Publication information
- Publisher: Marvel Comics
- First appearance: as the Thunderer: Daring Mystery Comics #7 (Timely, April 1941) as Black Avenger: All-Winners Comics #6 (Timely, Fall 1942)
- Created by: John Compton Carl Burgos

In-story information
- Alter ego: Jerry Carstairs
- Team affiliations: Six American Warriors
- Notable aliases: Black Avenger
- Abilities: Good hand to hand combatant High-impact voice amplification

= Thunderer (Marvel Comics) =

American comic book character

The Thunderer (Jerry Carstairs) is a superhero appearing in American comic books published by Timely Comics.

==Publication history==
He first appeared in Daring Mystery Comics #7 (Timely, April 1941) and was created by John Compton and Carl Burgos. He returned in issue #8 (Jan 1942). In All Winners Comics #6 (Sept 1942), he changed his hero name to the Black Avenger. This was his last Golden Age appearance. The Thunderer wore a red costume with blue highlights, but the color scheme was reversed on the covers.

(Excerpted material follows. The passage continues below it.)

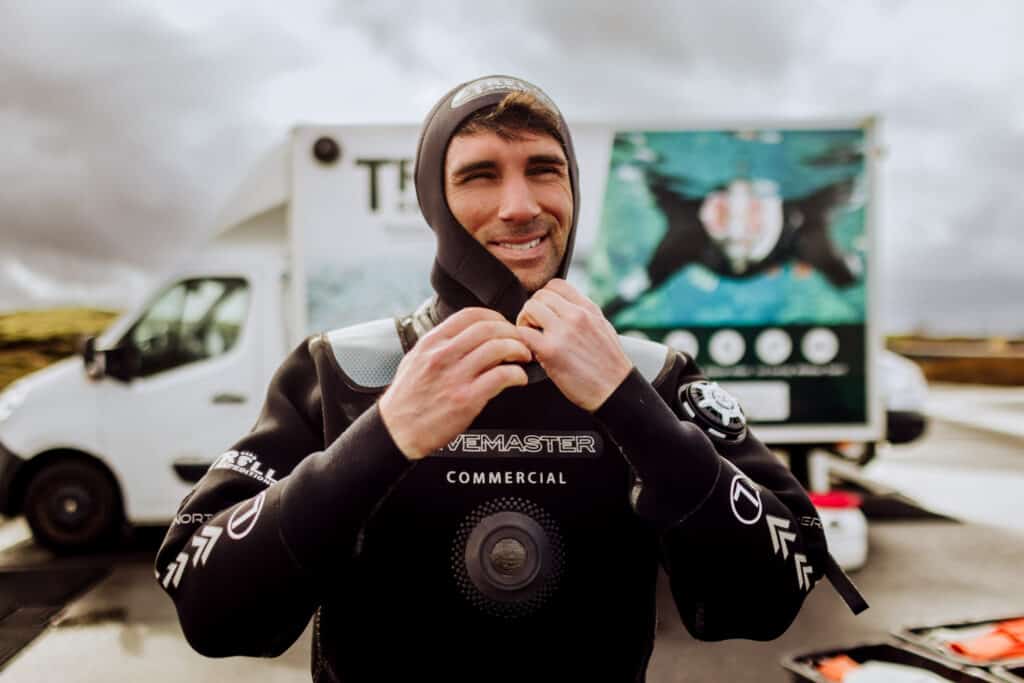 silfra snorkeling drysuit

==Fictional character biography==
Frustrated that the United States did not seem to be dealing with crime or Nazi saboteurs, radio operator Jerry Carstairs created a costume with a built-in microphone and fought for justice as the Thunderer. In his first recorded appearance, Jerry learned that radio station WWLX was really a front for Nazi Fifth Columnists who were transmitting secret messages hidden in music. Learning that they were targeting his girlfriend Eileen Conroy, a newspaper reporter, he foiled their operation. In order to protect his secret identity, Jerry acted like a meek weakling while in his civilian guise. Thunderer later uncovered the machinations of a hideously deformed dwarf named Gore who hated beautiful people so much that he rigged Morse code death traps to kill his victims over the radio. The Thunderer destroyed his operation, and Gore was killed in a house fire caused by faulty wiring in his equipment.

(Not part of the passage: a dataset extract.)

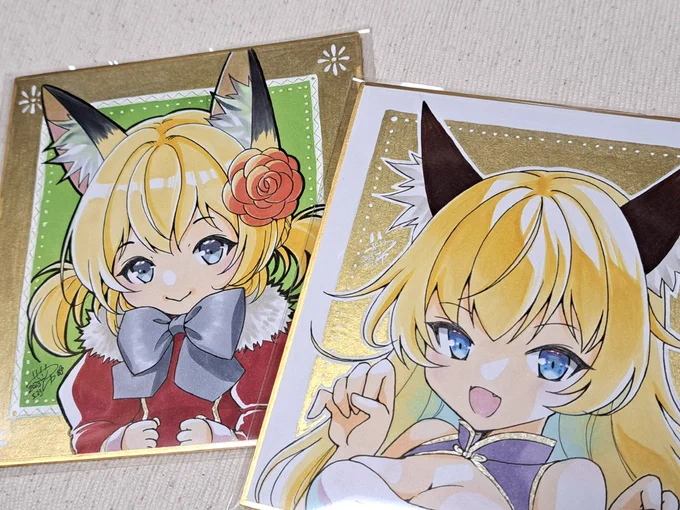 こちらお知らせ忘れそうになった新作色紙です 大色紙1枚とミニ色紙2枚。クリスマスみたいな配色になっちゃったミニ色紙はポストカード絵のキットギツネちゃんです #秋葉原超同人祭 #アナログイラスト #コピックイラスト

Thunderer's activities were few and far between due to the limitations his position with the FCC provided in giving him leads to criminal or spy activities. The Thunderer briefly changed his name (but not his costume) to the Black Avenger. In the fall of 1942, the FBI caught a Nazi spy who resembled Jerry and convinced him to go undercover to expose a spy ring sending defense secrets back to Nazi Germany. As the Black Avenger, Jerry managed to round up the Nazis including their leader Kurt Weidner and turn him over to justice.

In 1943, the Black Avenger is among a number of heroes who are killed by the Red Skull wielding the Cosmic Cube. The Cosmic Cube is recovered by Private Paul Anslen, who uses it to resurrect all the dead heroes. When Red Skull is defeated, the heroes use the Cosmic Cube to wipe the Black Avenger's memories of the event and preserve history.

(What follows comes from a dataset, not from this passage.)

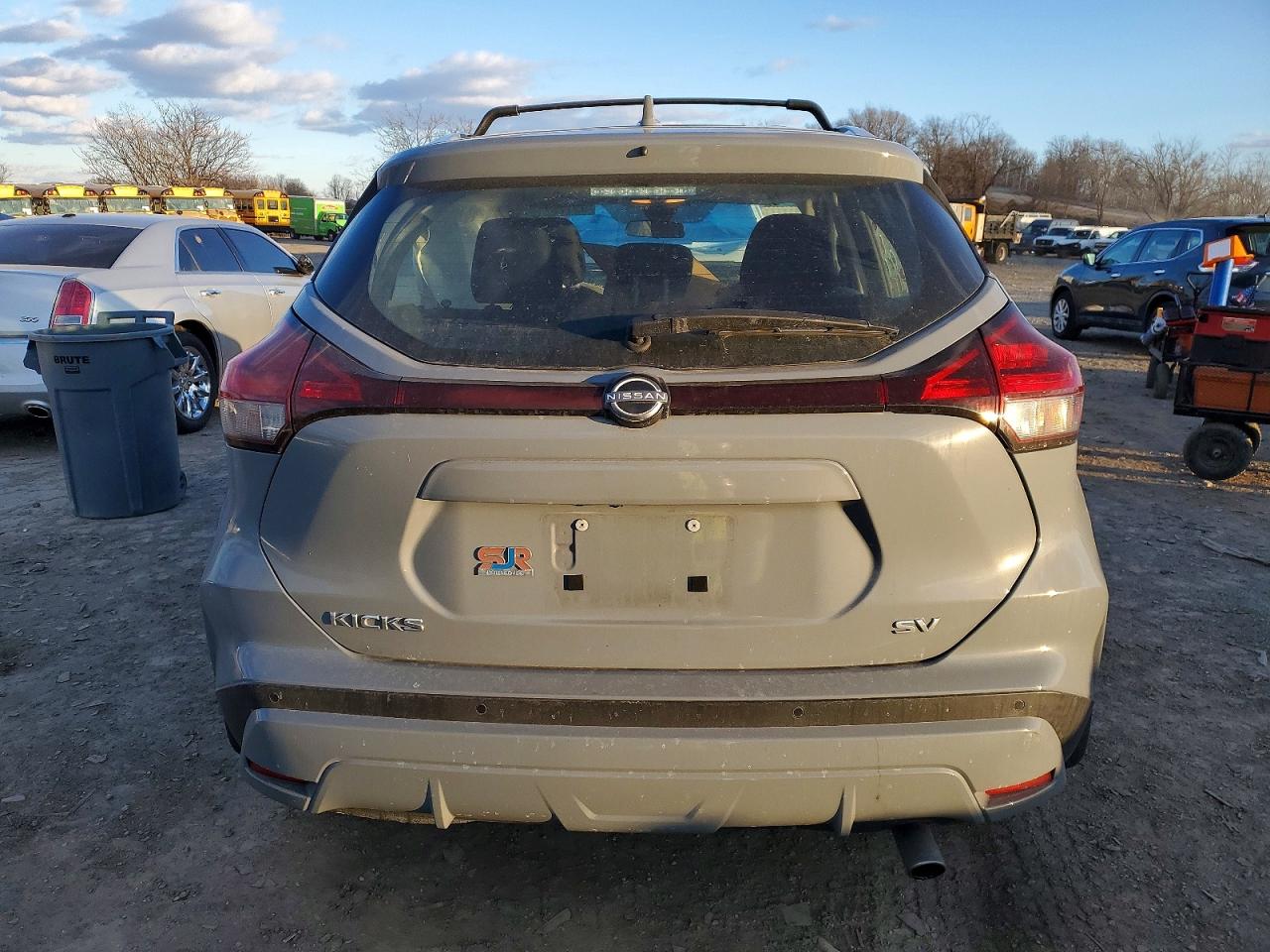 2023 NISSAN KICKS SV photo 6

During the "Last Days" part of the Secret Wars storyline, Thunderer is seen as a resident of Valhalla Villas, a retirement home for ex-heroes and ex-villains in Miami. He is temporarily de-aged during the Incursion between Earth-616 and Earth-1610.

In Marvel Comics #1000, it was revealed that Jerry was a subject in a side project of Project Rebirth, the government project that created Captain America, called Project Thunderer. Thunderer's mask is a magical item called the Eternity Mask, which was created by a group of renegade occultists from Eternity's own substance during the days of King Arthur. When his friend William Naslund, the Spirit of '76 (as Captain America) was killed by the android Adam II, Thunderer blamed the Scientists' Guild, also known as the Three Xs and later the Enclave, for their role in Naslund's death as they were responsible for bankrolling Phineas Horton to create another android like the Human Torch, as well as supplying Adam-II's programming with the Three Xs's ideas for the next stage of mankind, leading to the android's madness. Changing his identity to Dark Avenger, Carstairs swears to take down the Three Xs. However, Carstairs was killed and the Eternity Mask taken by the Enclave. His corpse would be found by Marvel Boy, with a recording to stop the Scientists Guild.

==Powers and abilities==
Thunderer is an expert hand-to-hand combatant and possesses a powerful sonic scream derived from his costume.

==In other media==
- The Thunderer appears in the Spider-Man: The Animated Series five-part episode "Six Forgotten Warriors", voiced by Hansford Rowe in the present and Brett King in a flashback. This version, along with the Black Marvel, the Destroyer, Miss America, and the Whizzer, obtained his powers from a flawed attempt at recreating the process that empowered Captain America during World War II, which he regulates with a special ring. After Captain America seemingly sacrificed himself to stop the Red Skull from activating a Doomsday machine, Thunderer and the other heroes took possession of the machine's activation keys and retired.